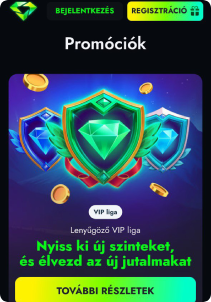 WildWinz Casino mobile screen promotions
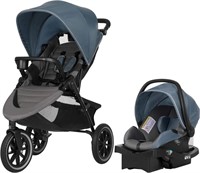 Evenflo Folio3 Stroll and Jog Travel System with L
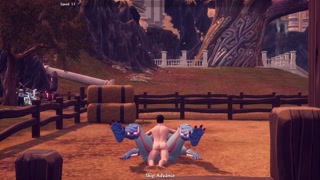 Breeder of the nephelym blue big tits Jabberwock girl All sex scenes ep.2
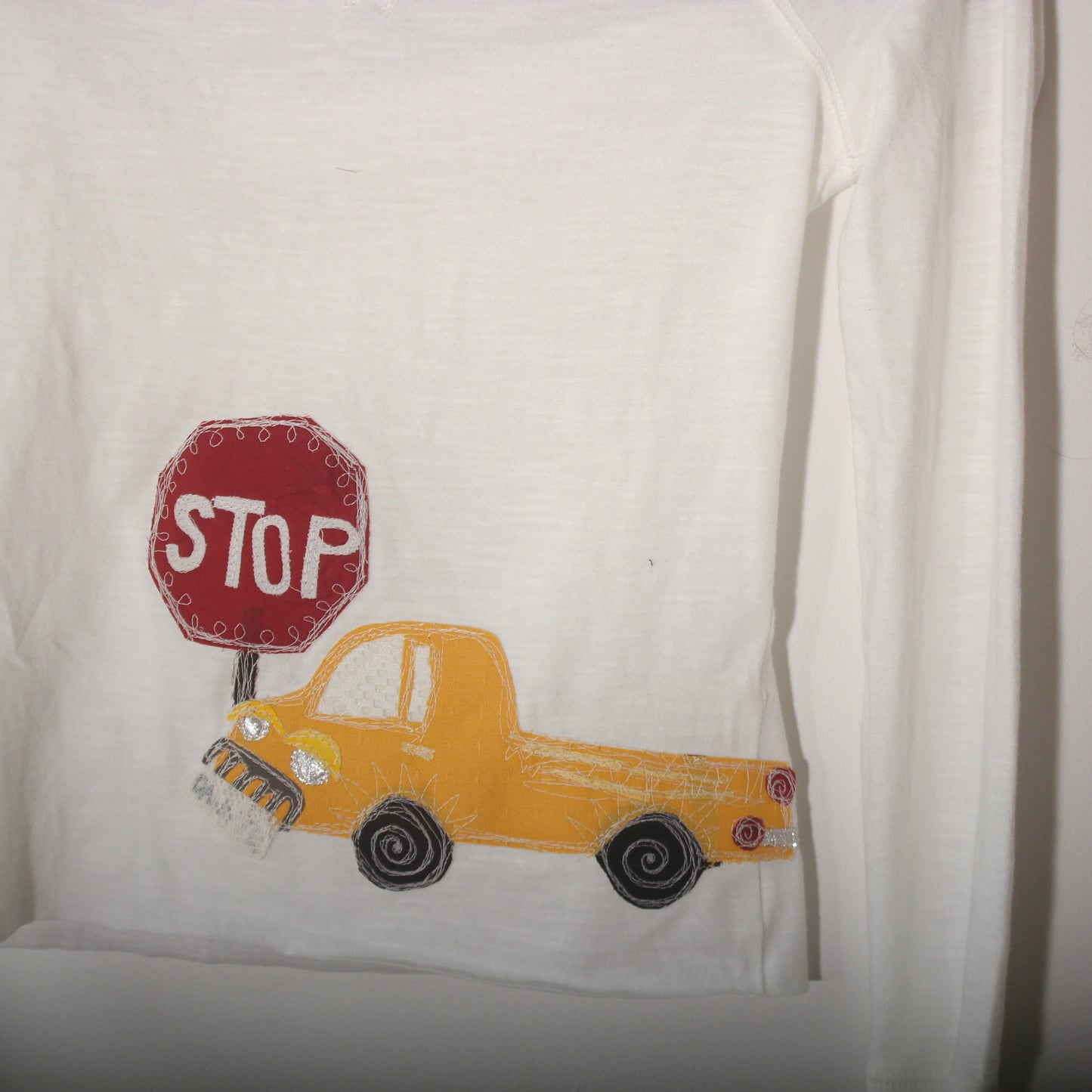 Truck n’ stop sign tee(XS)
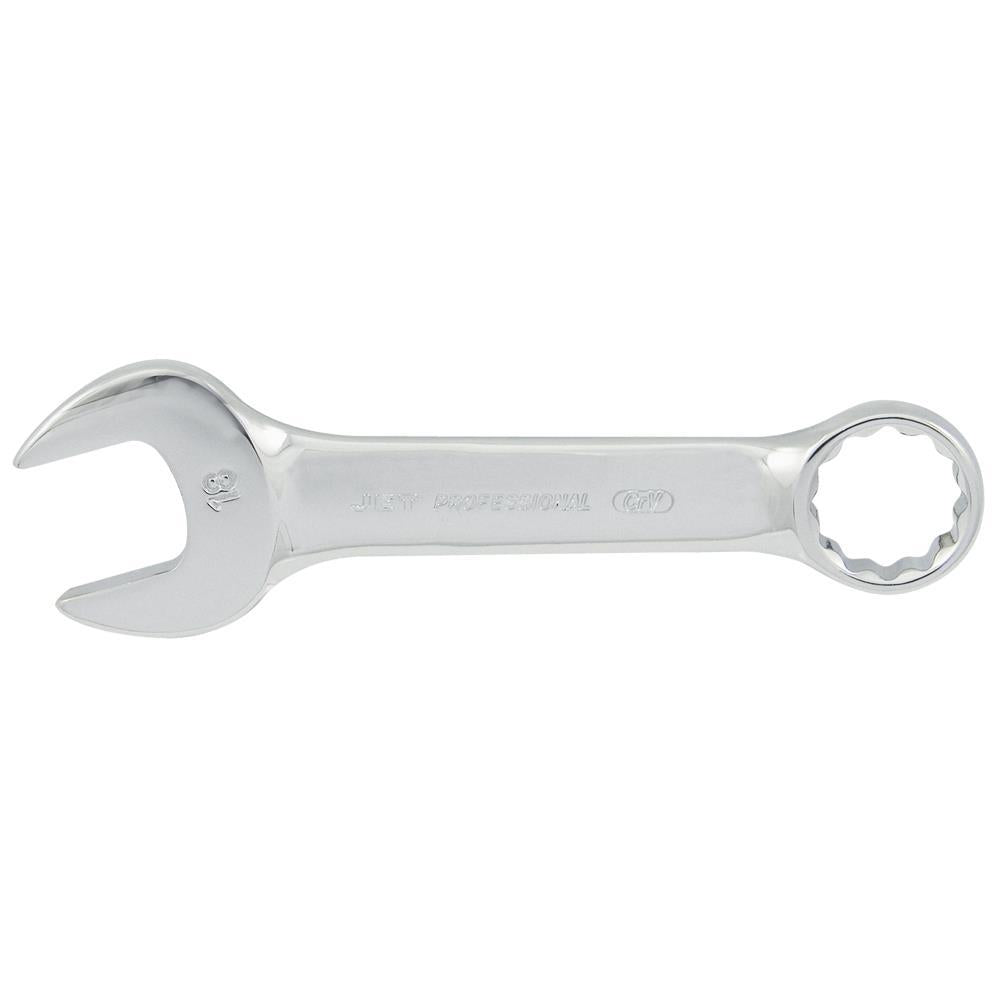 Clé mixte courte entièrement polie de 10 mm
□ □ □ □ □
** Task to complete **
Without the images, print all of the lines above exactly.

** Exercise answer **
 WildWinz Casino mobile screen promotions
 Evenflo Folio3 Stroll and Jog Travel System with L
 Breeder of the nephelym blue big tits Jabberwock girl All sex scenes ep.2
 Truck n’ stop sign tee(XS)
 Clé mixte courte entièrement polie de 10 mm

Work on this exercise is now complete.